The Indiana Court of Appeals found a warrantless search of property did not violate a man’s Fourth Amendment and Indiana Constitutional rights and upheld the denial of his motion to suppress evidence after he was convicted of two methamphetamine counts.
Lonny Hodges was on probation when officers began receiving tips from several sources that he was making meth. Hodges’ probation officer and another trooper met with Hodges and afterward investigated his home, without a warrant. They found many chemicals used to make meth, as well as some crystal-like white powder that looked like meth. He was charged with class C felony possessing chemical reagents or precursors with intent to manufacture a controlled substance, and class D felony possession of methamphetamine.
Hodges filed a motion to suppress, saying the warrantless search violated his Fourth Amendment and Indiana Constitutional rights, and the trial court denied it.

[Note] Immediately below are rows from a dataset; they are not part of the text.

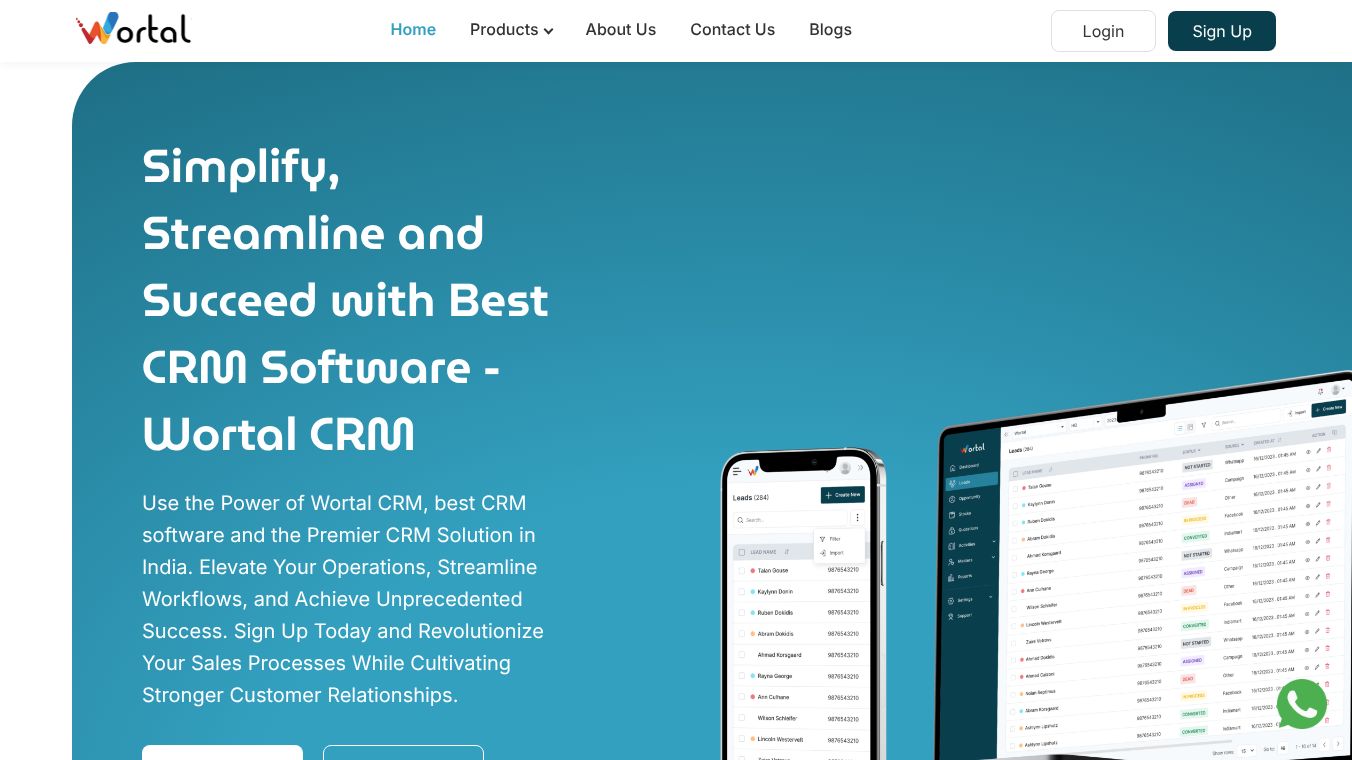 CRM in India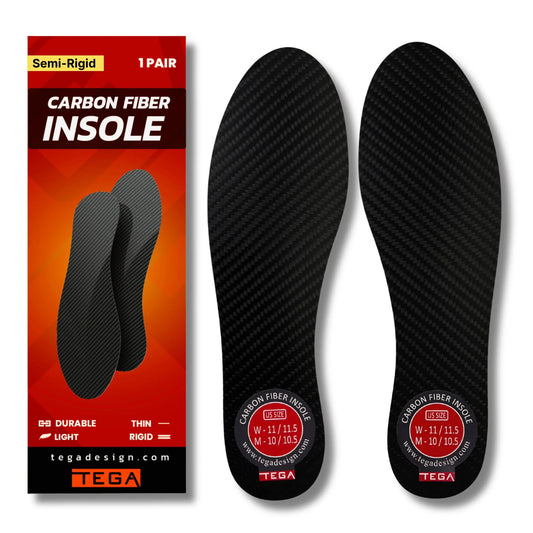Semi-Rigid Carbon Fiber Insole (1.1 mm) - GOLF LEAGUE
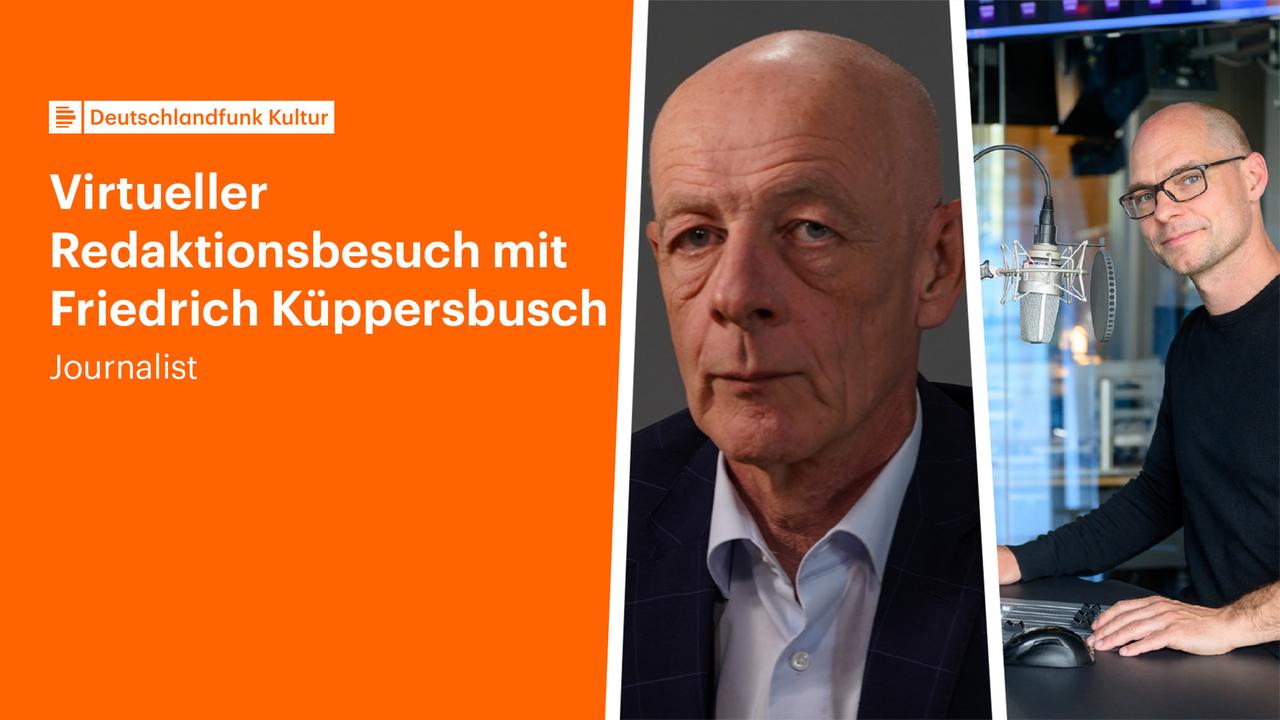 Friedrich Küppersbusch zu Gast im Offenen Studio. Friedrich Küppersbusch zu Gast im Offenen Studio.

The trial court granted this interlocutory appeal.
Hodges claimed the warrantless search violated the Indiana Constitution because the officer did not have reasonable suspicion, but in an opinion written by Judge Terry Crone, the COA said otherwise. Crone cited State v. Vanderkolk, an Indiana Supreme Court decision that ruled people on probation, when notified of the rules of their probation, are subject to warrantless searches. Because of this broad ruling, Crone wrote reasonable suspicion was not needed for the search.
A provision in Hodges’ probation agreement did warn that Hodges would be subject to warrantless search and seizures, but Hodges argued it did not inform him he was waiving his Indiana Constitutional rights and did not go far enough. However, Hodges signed the agreement, indicating he was aware of his rights. Also, the language specifically said he was “waiving his rights to search and seizure.”
Chief Judge Nancy Vaidik concurred in a separate opinion. She said while she agreed in this case that Hodges’ appeal should be denied, she didn’t think Vanderkolk applied to all circumstances and she thought there could be circumstances where a prisoner could file a reasonable suspicion challenge. In this case, she thought the officer had reasonable suspicion to search the home, but she didn’t think this could be true in every case.
The case is Lonny Hodges v State of Indiana, 43A03-1507-CR-843.